Coble smiled and thought about that for a moment.
“Do you want to bet $5,000 or $8,000 that it’s going to rain?” he asked me.
Turning to Spruill, I asked, “You got five or eight grand you can pass me?”
“Not hardly. But we have bet that much it’s going to rain,” he answered and pointed at Coble. He was sure his friend had more than once bet at least that much, or more, on the chances of water falling from the sky.
He waved his hand at the feed store’s clerks working behind the counter at the front of the room.
“When you call and tell them to put out five or 10,000 pounds of fertilizer because it’s fixing to rain, you’re bettin’,” he said.
Things went quiet after that. The discourse hit a lull.
“Well, I don’t feel very productive today,” Talley finally announced, fidgeting in his chair.
He looked at Coble, still stretched out, and decided to take a poke at him.
“You going to do something productive or are you going to sit around on the Internet all day?” he asked, then volunteered his own thoughts without waiting for his friend’s answer.
“I’m setting the temperature on my incubator, that’s all I’m doing,” he offered, and proceeded to describe his latest scheme — hatching quail.
His incubator temperature control was marked in Celsius, however, and so a bit of confusion ensued after Talley fumbled his math as he attempted to set out his incubation strategy.
“So you’re going to set that thing at nearly 100 Celsius?” Coble asked. The incredulity in his voice was reflected on his face.
“No, the thermostat is expressed in Celsius, but I’m figuring it in Fahrenheit,” Talley explained.

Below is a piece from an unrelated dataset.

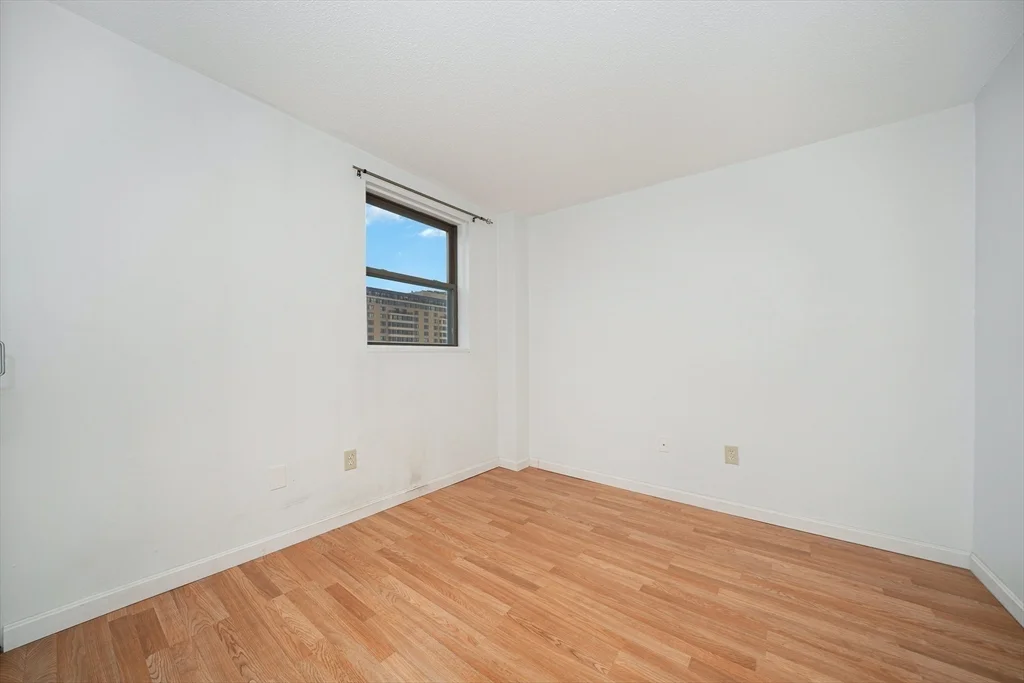 2 bed, 1 bath apartment for rent at 133 Commander Shea Blvd Unit 505, Quincy — photo 13 of 15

“He’s fixing to scramble a bunch of eggs,” another visitor teased.
“At 99 and a half Celsius, he’s going to cook them,” Coble added, laughing.
“When we going to have breakfast?” somebody gibed.
“No, it’s 37-and-a-half Celsius,” Talley clarified.
The laughter dies down, more people enter and leave and I stared up at the old photos again.
Carbon was named after the mineral deposits found in the area, according to the Handbook of Texas Online. A few of its streets are likewise labeled for similar reasons Coke, Diamond, Coal and Anthracite. The town’s population claimed 272 people in 2010.
Thurber, in nearby Erath County, was the principal bituminous coal town in Texas a century ago. But when locomotives began the switch from coal to oil, the owners of the Thurber mine switched to oil too, signaling the end of local coal.
But that’s all ancient history now.
“I wish they’d discover some more oil out here,” Coble mused. “I think cattle would do better in the shadow of an oil well.”
“They would. A big, old pump jack out there making shade for them, they’d grow good,” Spruill agreed.
Another farmer walked in and suddenly everyone began debating the subtle nuances of cotton seed. The manufacturer’s technology fee, which I guessed was probably another way of saying “profit,” on a $400 bag of cotton seed was $275. General grumbling ensued over how the same seed can be priced higher in College Station, only 200 miles away, than in Carbon.
Buying the seed in Carbon and driving it south is apparently a big no-no in the eyes of the manufacturer, though it seemed they didn’t mind if you took it the other way.
“Why couldn’t we have thought of something like that?” Coble asked. “We could have been sitting in some fancy place.”
“How much fancier do you want, John?” replied Spruill, laughing and spreading his arms around the circle. “C’mon, you’re on top of the world right here.”